How do you give something to God and make sure you leave it with HIM? Choose to pick up something else instead. When you go to the feet of Jesus, in prayer and you pour out your heart to HIM, i’m encouraging you make sure you leave with something when you get up. Not the same thing of course but something which he has offered to you….HIS unconditional love for us, the promise that HE is always with us and a reminder of HIS all- sufficient GRACE. A reminder to give yourself a little more grace and to offer those around you a little more grace. BE GRACIOUS.
For me, if something doesn’t go as planned, or I lose track of time or the girls did something that threw my day out of whack, I always get stressed. There I begin losing control and falling into that disappointed, negative mindset as I scramble to get my day back on track. And I am realizing that I put so much pressure on myself and the people closest to me, no wonder I get stressed! We all get stressed! I’m learning to be gracious!
I sometimes take my thoughts towards others and pretend as if it was Jesus saying the same to me: ”This is your last chance. It’s about time you get this right, Niclair !” And immediately I’m like Whoa… ummm Niclair, where’s the grace? I recall once being quite frustrated with Sarai and I asked ”Do you think you deserve a second chance? How many chances have I given you already?” And in that exact moment, I heard God echo those words in my heart! ”Niclair, do you think you deserve a second chance? How many chances have I given you already?” And I thought in my heart, Lord please don’t put a limit on it, because I know I’m going to need more!
I say that to say sometimes those around us, those closest to us could use a little more grace. For me as a mom of a powerhouse 5 year old and a spirited 2 year old, I tend to be very firm sometimes. Firm, because I love them and I know that these are the tender years and I want to make sure that I am teaching them wrong from right and how to do the responsible thing. Still, i’ve got to remind myself to be gracious with myself and with them. We are doing this together. They can’t do this thing without me and I can’t do it without them for sure!

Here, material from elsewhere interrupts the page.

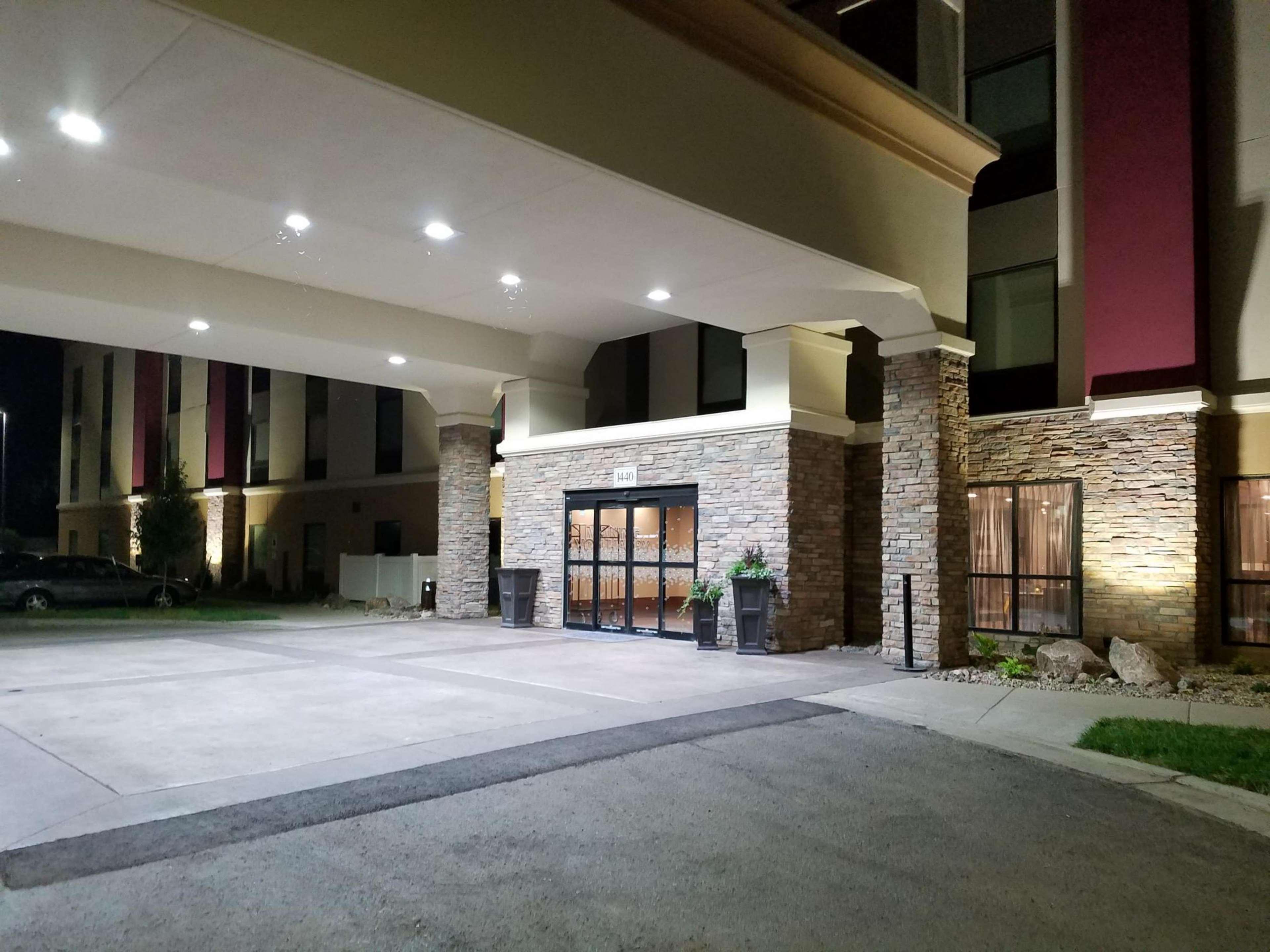 Hampton Inn Bismarck Eksteriør billede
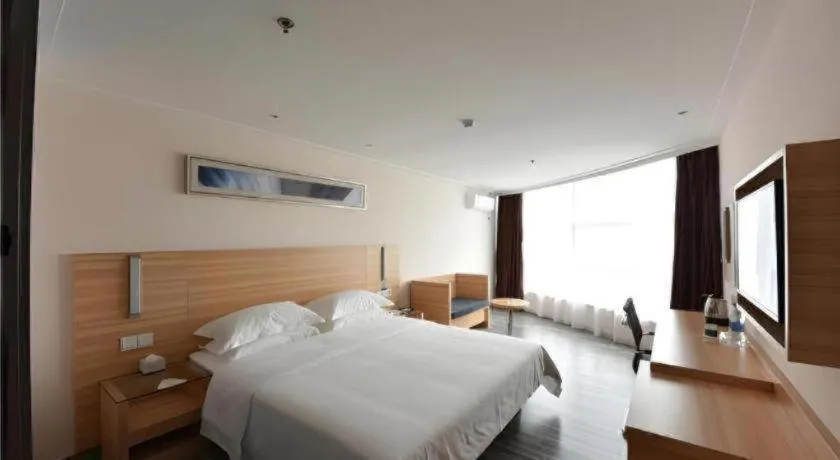 Bed in City Comfort Inn Chongqing Lianglukou Metro Station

One of the things I began to do, is wake up with worship music and have it playing in the mornings as we start our day. Well it has been working and I am so much better prepared for the day and the challenges it may bring. I even find that I feel more in charge and in control of my mood throughout the day. It’s also been beneficial to spend more time in the word of GOD. Setting aside time to meditate on God’s promises makes it easier to draw on them during the day when I need a little boost.
As I am writing, in the time I have allocated as ”my time to write”, Hannah is demanding that I go and get her some food 🙂 . So before I go, I want to leave with you these scriptures that encourage me:
2 Corinthians 12:9 – But he said to me, “My grace is sufficient for you, for my power is made perfect in weakness.” Therefore I will boast all the more gladly about my weaknesses, so that Christ’s power may rest on me.
Philippians 1:6- being confident of this, that he who began a good work in you will carry it on to completion until the day of Christ Jesus.